Reproduce exactly the lines below from the one containing "Kohler K-T14491-4-BN Purist(R)" through the one containing "Congarten O Acrylic", including both, and nothing else.

[[ DATA open ]]

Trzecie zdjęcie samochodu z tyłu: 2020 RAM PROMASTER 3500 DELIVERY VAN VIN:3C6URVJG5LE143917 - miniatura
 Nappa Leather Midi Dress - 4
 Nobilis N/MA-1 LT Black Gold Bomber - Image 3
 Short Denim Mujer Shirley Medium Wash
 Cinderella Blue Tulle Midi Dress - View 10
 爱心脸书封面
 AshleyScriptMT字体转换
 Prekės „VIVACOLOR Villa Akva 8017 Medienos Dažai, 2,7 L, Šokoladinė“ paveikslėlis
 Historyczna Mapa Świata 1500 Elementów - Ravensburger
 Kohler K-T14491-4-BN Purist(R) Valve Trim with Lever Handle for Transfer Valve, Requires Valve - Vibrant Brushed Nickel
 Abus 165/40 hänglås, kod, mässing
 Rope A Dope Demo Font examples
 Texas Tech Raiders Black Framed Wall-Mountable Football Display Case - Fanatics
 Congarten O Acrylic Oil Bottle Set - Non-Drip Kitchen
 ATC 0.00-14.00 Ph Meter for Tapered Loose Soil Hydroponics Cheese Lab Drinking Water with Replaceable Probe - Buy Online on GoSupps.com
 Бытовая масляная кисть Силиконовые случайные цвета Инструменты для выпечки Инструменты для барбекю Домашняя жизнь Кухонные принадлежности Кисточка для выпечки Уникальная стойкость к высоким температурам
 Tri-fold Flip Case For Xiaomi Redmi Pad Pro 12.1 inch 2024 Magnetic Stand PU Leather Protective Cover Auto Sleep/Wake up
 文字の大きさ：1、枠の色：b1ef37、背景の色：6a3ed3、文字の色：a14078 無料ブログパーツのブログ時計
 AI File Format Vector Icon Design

[[ DATA closed ]]

**SOLUTION FOR THIS EXERCISE:**
 Kohler K-T14491-4-BN Purist(R) Valve Trim with Lever Handle for Transfer Valve, Requires Valve - Vibrant Brushed Nickel
 Abus 165/40 hänglås, kod, mässing
 Rope A Dope Demo Font examples
 Texas Tech Raiders Black Framed Wall-Mountable Football Display Case - Fanatics
 Congarten O Acrylic Oil Bottle Set - Non-Drip Kitchen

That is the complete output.